Alemanno è stato “l’uomo politico di riferimento dell’organizzazione Mafia Capitale all’interno dell’amministrazione comunale – aveva sostenuto Tescaroli in dibattimento – soprattutto, in ragione del suo ruolo apicale di sindaco, nel periodo 29 aprile 2008-12 giugno 2013 (e successivamente di consigliere di minoranza in seno al Pdl)”. I suoi “uomini di fiducia – aveva insistito – indagati e alcuni anche condannati in Mafia Capitale, sono stati proiezione della persona di Alemanno, che ha impiegato per la gestione del proprio potere, e si sono interfacciati con gli esponenti apicali di Mafia Capitale, suoi corruttori (Buzzi e Carminati)”.

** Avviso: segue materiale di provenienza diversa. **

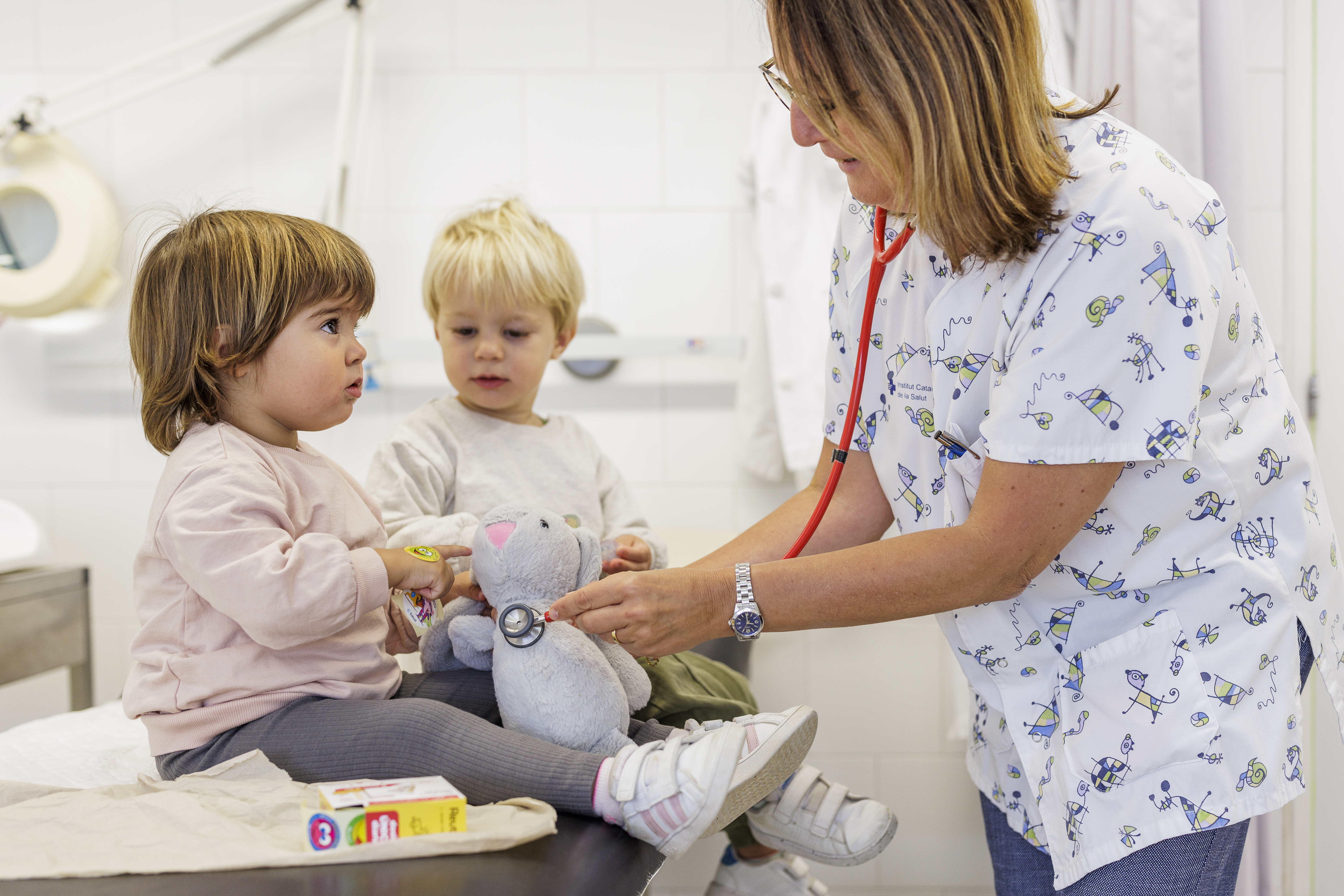 Una pediatria atenent a dos infants.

In che modo? Secondo le accuse pronunciate da Tescaroli durante le 6 ore di requisitoria dell’8 febbraio, Alemanno ha “venduto” la sua funzione anche con l’ausilio “del fidato Franco Panzironi, parimenti corrotto”, al “sodalizio criminale Mafia Capitale” che “è riuscito a ottenere il controllo del territorio istituzionale di Ama spa, società presieduta dal Comune di Roma, incaricata di pubblico servizio, ente aggiudicatore di appalti, target privilegiato dell’organizzazione”. E ancora: Alemanno “ha consentito di porre le strutture del suo ufficio, di Ama Spa e di Eur Spa a disposizione di Buzzi e di Carminati”.
Tra le pene accessorie, il tribunale ha stabilito anche che Alemanno per due anni non potrà contrattare con la pubblica amministrazione e deciso l’interdizione legale per tutta la durata della pena. L’ex sindaco di Roma – al quale sono stati confiscati 298mila euro – dovrà risarcire sia Ama che Roma Capitale ed è stata fissata una provvisionale di 50mila euro sia per la municipalizzata che per il Campidoglio. La sentenza – ha commentato il presidente della commissione Antimafia, Nicola Morra – “potrà soddisfare tanti e scontentare tanti altri, ma sentenza!” e quindi “ragioniamo insieme su come e quanto la cosa pubblica sia stata in passato asservita a logiche di mafia“.
“Provo dispiacere e amarezza”, ha commentato Marco Marsilio, neo presidente della Regione Abruzzo. “Mi auguro riesca a dimostrare la sua innocenza e totale estraneità alla vicenda”.
I 5 Stelle in Campidoglio vanno all’attacco. “Indipendentemente da quale sarà il risvolto nei successivi gradi di giudizio, questa sentenza accende per l’ennesima volta i riflettori su Mafia Capitale – scrive su Facebook il capogruppo del M5S in Campidoglio Giuliano Pacetti – Già, non dobbiamo dimenticare che la mafia ha distrutto Roma. Voglio ricordarlo, ancora una volta, a chi ci accusa di dare sempre la colpa a quelli che ci hanno preceduto. Per ripristinare la legalità siamo partiti dalle macerie. Tenetelo sempre a mente ogni volta che attaccate questa amministrazione dimenticando quello che abbiamo ereditato. #Alemanno#MafiaCapitale”, conclude.